Policy talk refers to reformers’ cyclical rhetoric of gloomy assessments of schooling problems married to over-confident solutions. Hyper-excited policy talk occurred over national defense during the Cold War with the Soviet Union in the 1950s; we hear echoes of it now with fears of Chinese economic and military hegemony in Asia. Ditto for policy talk about distance learning or online instruction transforming U.S. schools and colleges in the 1960s, 1990s, and, now. Pronouncements from federal officials—take a look at the 2010 National Technology Plan—and for-profit companies promise a brave new high-tech world of individually tailored online learning at home and elsewhere eventually replacing brick-and-mortar schools.
In short, policy talk is hyperventilating rhetoric that we have heard repeatedly.
Policy action refers to the decisions governors, mayors, superintendents, and legislators make in adopting policies to solve school problems. Examples range from school boards buying iPads for kindergartners to superintendents establishing new math programs to the U.S. Congress and President approving NCLB. Like policy talk, there have been cycles of adopting similar policies in phonics, dropouts, and technologies.

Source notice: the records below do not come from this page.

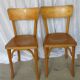 Pair of Baumann bistro chairs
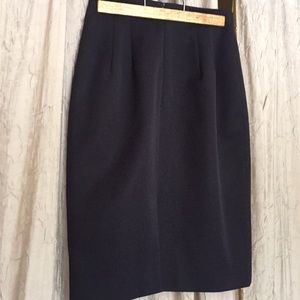 Navy pencil skirt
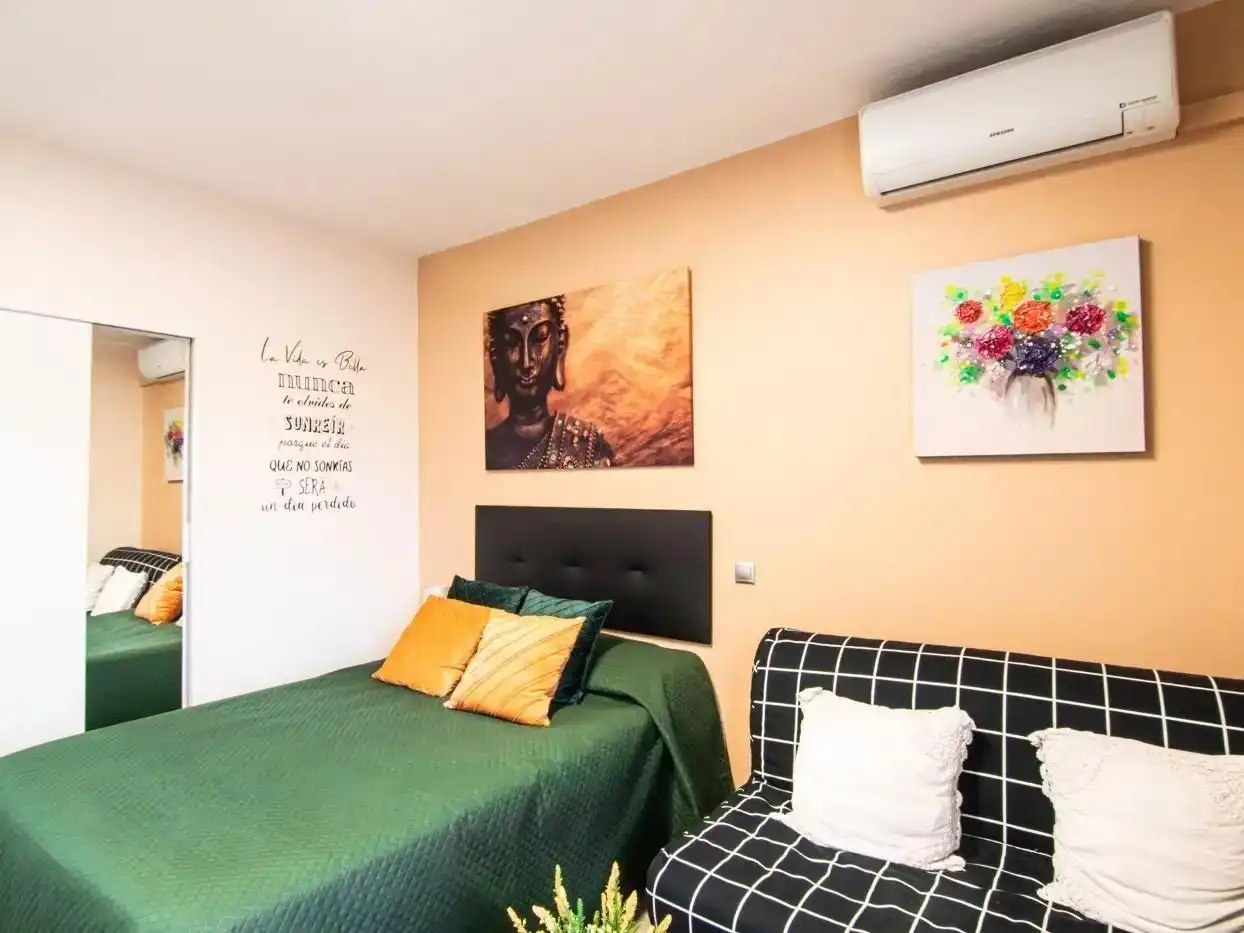 Schlafzimmer von Wohnung zum Verkauf in Benalmádena mit Klimaanlage, Terrasse und Möbliert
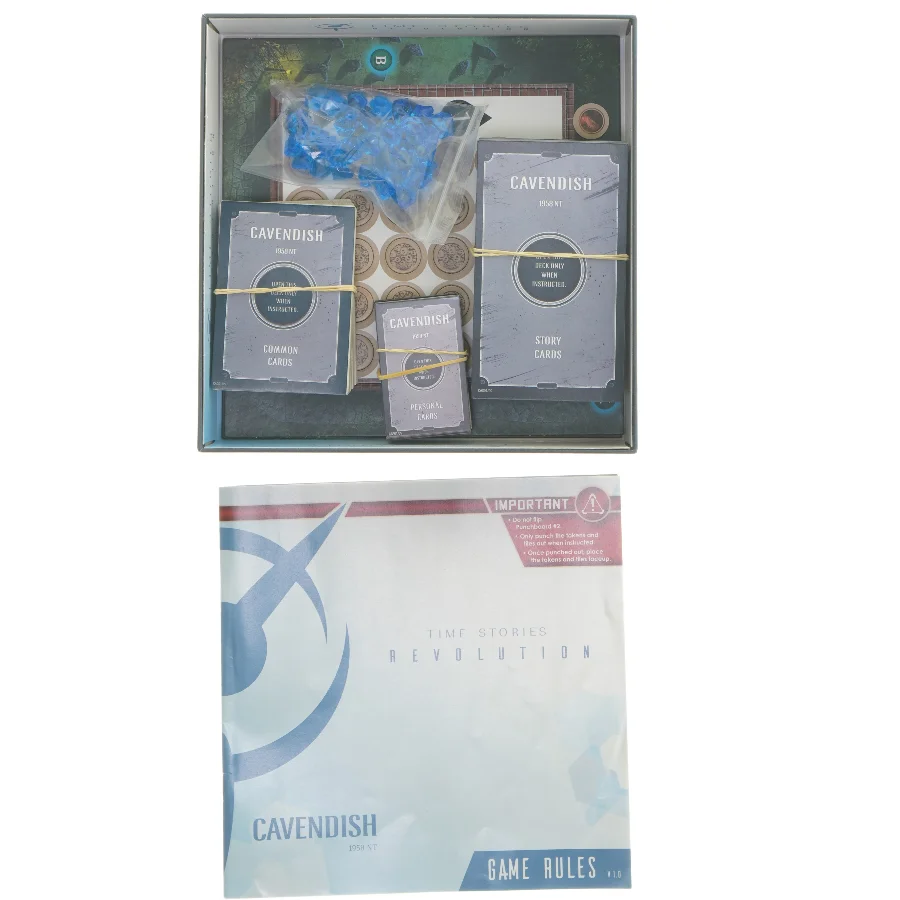 Time Stories Revolution: Cavendish brætspil (str. 20,5x20,5 cm)
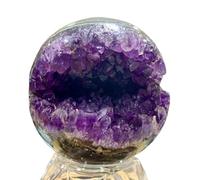 DSZUJTYROP Decorative Ornaments Ruby in Zoisite Gemstone Crystal Sphere Ball (Size : 350-400g)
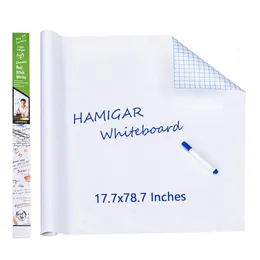 Whiteboard-Stick, Whiteboard-Stick an der Wand, trocken abwischbarer Board-Aufkleber für die Wand, Whiteboard-Papier abziehen und aufkleben, selbstklebend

Policy implementation in schools, however, is not cyclical. It is linear. There are trends. Schools as institutions have structures, cultures, and history. Regularities in structures and culture change slowly and incrementally so that trend lines become noticeable over time.
Implementing new programs stretch out over five or more years. When researchers, for example, observe classrooms to see how computers are used by teachers in activities they find great variation across classrooms in the same school and among schools in the same district. Some teachers pick and choose elements of the program; others change policy by redesigning activities and lessons. Because of school culture and organizational realities, change is gradual and episodic. But trends do appear over time. What happens in schools and classrooms, then, is a world apart from the hyperbole and gloom accompanying cyclical policy talk and action.
These three statements about historical patterns in school reform I stipulate as facts answer the questions of where the U.S. is in school reform now.